• Telp+62 (21) 788 433 71
  • Email Seketariatsekretariat@rabithah-alawiyah.org
  1. Pages
  2. Seputar Rabithah
11Jul  2017

Teknologi Nuklir Untuk Ketahanan Energi Nasional (bagian kedua)



Pada Juni 2016 yang lalu, DEN mengadakan sidang untuk membahas dan menetapkan Rencana Umum Energi Nasional (RUEN), dan telah menetapkan beberapa poin, diantaranya adalah supaya pengembangan opsi nuklir dibuatkan roadmap. Opsi nuklir sebagai pilihan terakhir dalam KEN diterjemahkan dalam RUEN mencakup langkah-langkah sebagai berikut [2]:

  1. Membangun reaktor daya riset dan laboratorium reaktor sebagai tempat ahli nuklir berekspresi, berinteraksi dan berkarya, serta memberikan dukungan untuk dilaksanakannya riset-riset terkait nuklir supaya apa yang sudah dikuasai tidak hilang dan dapat dipertahankan.
  2. Mendorong kerja sama internasional agar selalu termutakhirkan dengan kemajuan teknologi.

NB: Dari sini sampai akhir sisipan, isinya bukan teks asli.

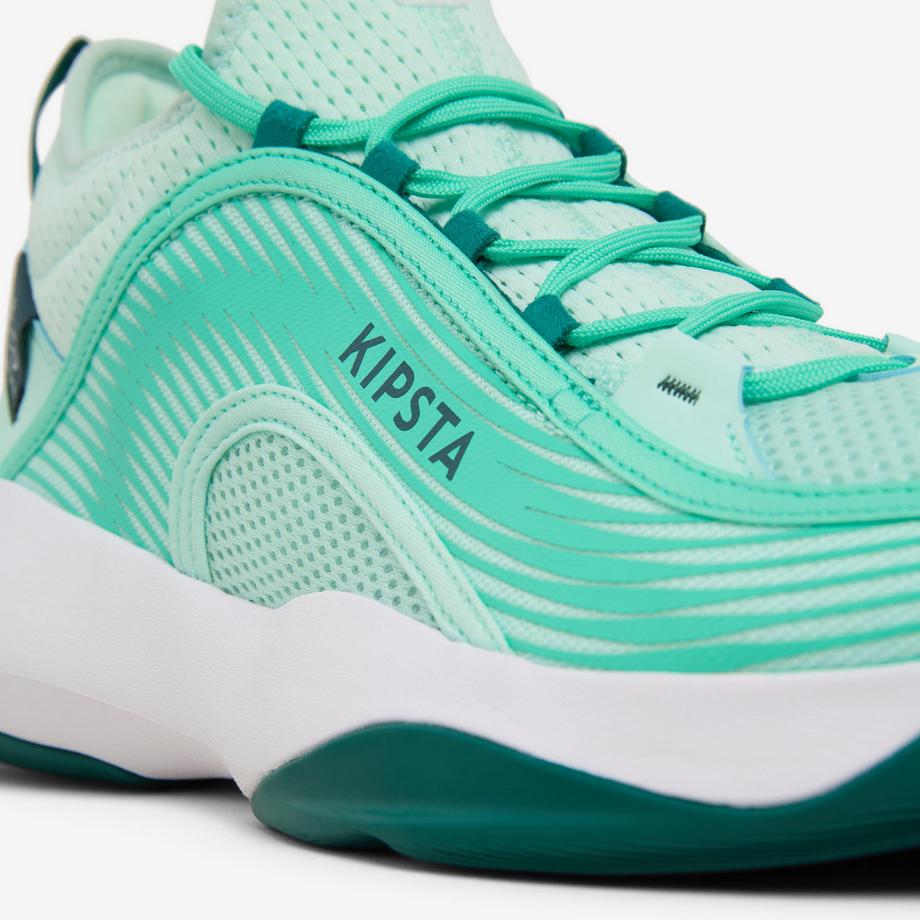 ALLSIX VB500 Stability Scarpe Sportive da Interno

Membangun reaktor daya eksperimen (RDE) sudah dimulai pada tahun 2015 pada tahap penyusunan konsep desain oleh BATAN. Tahun 2016 dilanjutkan tahapan review dokumen oleh BAPETEN, dan apabila telah disetujui terhadap konsep desain akan dilanjutkan dengan penyusunan detail desain sebagai persyaratan untuk mendapatkan izin pembangunan. Kementerian ESDM sebagai lembaga teknis yang membidangi energi juga diharapkan akan segera membuat roadmap yang dapat digunakan sebagai pedoman dalam merealisasikan program pemanfaatan energi nuklir sebagai pembangkit listrik. Apabila seluruh tahapan tersebut dapat dijalankan dengan baik oleh masing-masing pemangku kepentingan diharapkan kebijakan penggunaan nuklir sebagai pembangkit listrik di Indonesia bisa segera direalisasikan untuk mendukung kemandirian energi nasional. [2]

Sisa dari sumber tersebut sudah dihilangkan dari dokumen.